There were many lies told about these mothers and these lies reached the ears of their lost children. Lies that would prevent their children from searching for their own mothers because they might find prostitutes or drug addicts etc. These lies would also come back to haunt the mothers if they had a reunion and further injure them. More lies occurred when most of the women who had their babies taken by the adoption industry were told that they would destroy their child’s life if they searched and found them. They were also led to believe that it is illegal to search. Neither statement is true. Search is not illegal in any state and searching for one’s lost child is a gift to that child. The process of searching offers an opportunity to do some healing. One should attend one of the hundreds of adoption support groups and prepare emotionally for a search and possible reunion. The support groups are often a good source for local therapists who would be knowledgeable about adoption loss. The wounds of adoption loss can be greatly eased with the right help and the support groups offer the best starting point.

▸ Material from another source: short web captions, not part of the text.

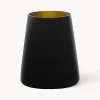 Set di 6 bicchieri da cocktail in cristallo a forma di cono Power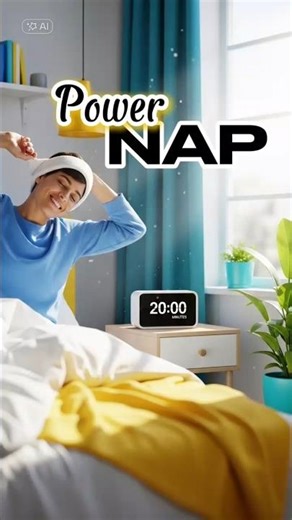 🇺🇸 Power NAP: 20 Minutes That Change Your Day.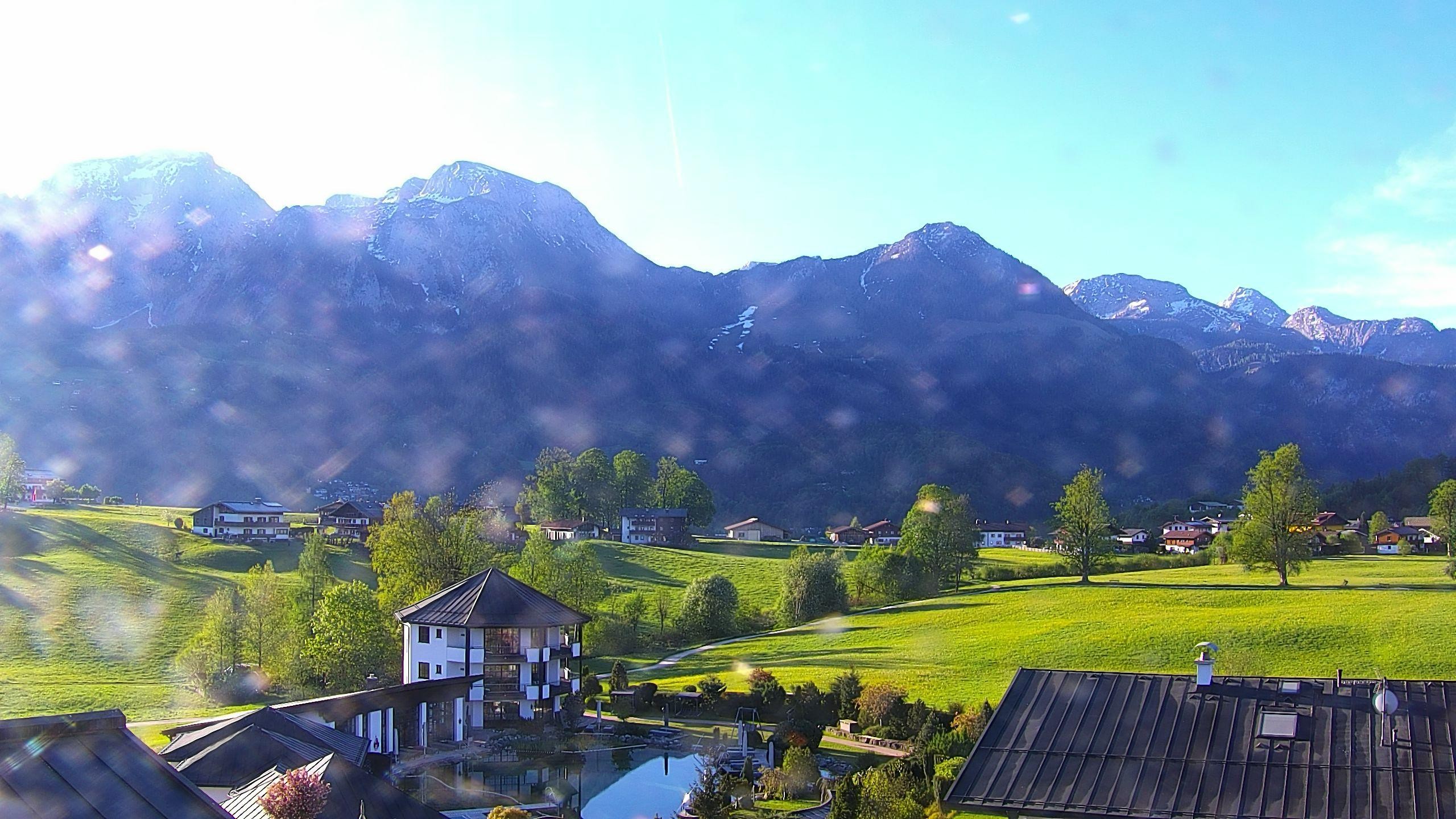 Archiv Foto Webcam Hotel Zechmeisterlehen bei Berchtesgaden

Anyone seeking professional help has the right to interview potential therapists in order to be able to select one suitable for their needs. The prospective client has a right to know where and when the therapist got her degrees, whether or not she is licensed by the state, what specialized training she has had and whether she can accept insurance. The prospective client has a right to know how much experience the therapist has in working with adoption-related issues, whether the therapist has personal experience in adoption and what kind of experience she has had. The prospective client should ask for a curriculum vitae from the therapist and also ask what adoption-related literature the therapist has read. If the prospective therapist is not forthcoming with this information, the client might well look elsewhere. It would be worthwhile to inquire if your therapist ever worked for an adoption agency as an agency social worker might not be able to offer the right help.
There are therapists who, with no experience whatsoever in adoption, have an great deal of sensitivity to the issues. If you are fortunate enough to find one who is sensitive to the issues and feel comfortable with her, she may well be able to help you on your journey.